[Excerpted data]:

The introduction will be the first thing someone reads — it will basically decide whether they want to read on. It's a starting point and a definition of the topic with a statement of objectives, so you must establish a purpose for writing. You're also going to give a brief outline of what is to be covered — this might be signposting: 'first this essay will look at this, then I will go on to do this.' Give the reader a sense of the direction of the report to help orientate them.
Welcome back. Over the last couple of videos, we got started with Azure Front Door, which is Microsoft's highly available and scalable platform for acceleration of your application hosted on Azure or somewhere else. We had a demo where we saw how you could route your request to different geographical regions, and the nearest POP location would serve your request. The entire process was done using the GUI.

...

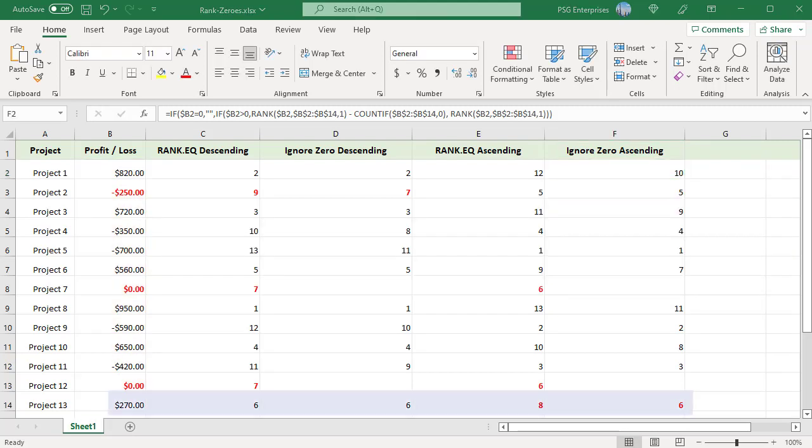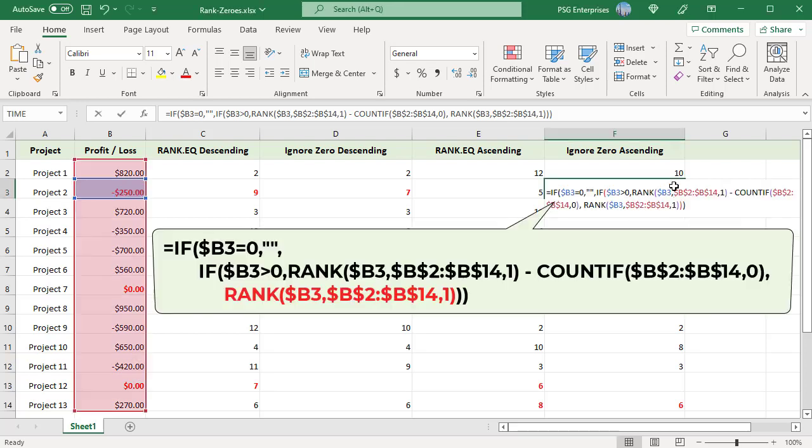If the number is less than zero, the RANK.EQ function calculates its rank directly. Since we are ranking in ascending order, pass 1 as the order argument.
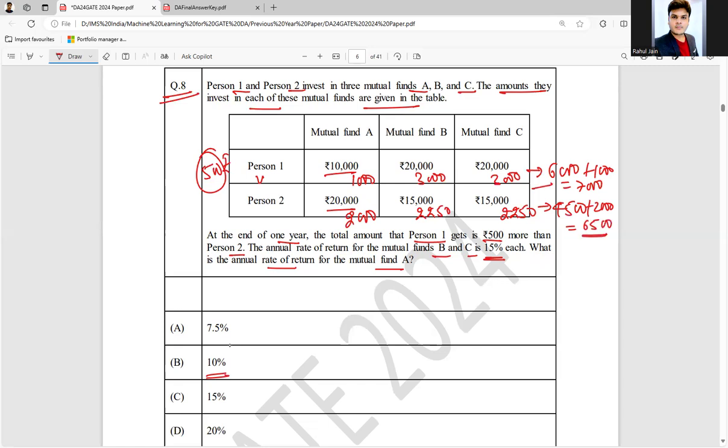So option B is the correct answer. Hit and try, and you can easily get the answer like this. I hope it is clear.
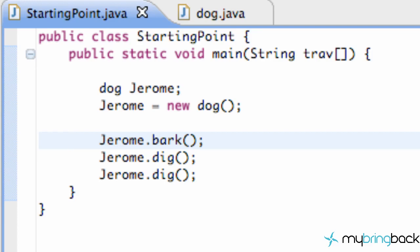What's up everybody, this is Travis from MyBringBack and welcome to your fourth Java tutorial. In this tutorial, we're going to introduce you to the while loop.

--

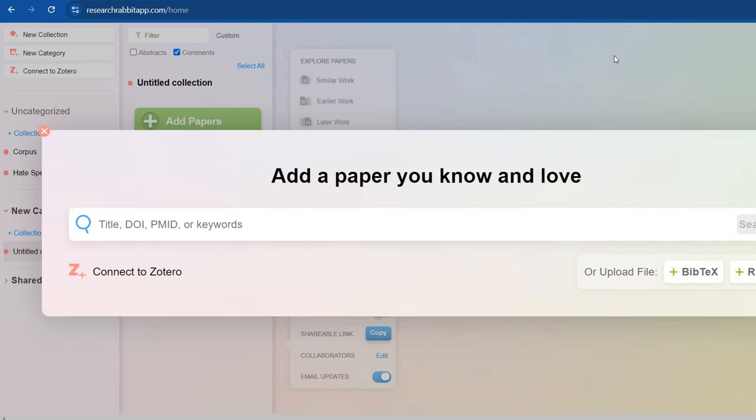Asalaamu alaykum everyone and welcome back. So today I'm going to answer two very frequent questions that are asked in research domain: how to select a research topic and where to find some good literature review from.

[Action item]:
Your answer must be the lines above from the one holding "So option B" up to and including the one holding "What's up everybody, this", exact and with no pictures.

[Task solution]:
So option B is the correct answer. Hit and try, and you can easily get the answer like this. I hope it is clear.
What's up everybody, this is Travis from MyBringBack and welcome to your fourth Java tutorial. In this tutorial, we're going to introduce you to the while loop.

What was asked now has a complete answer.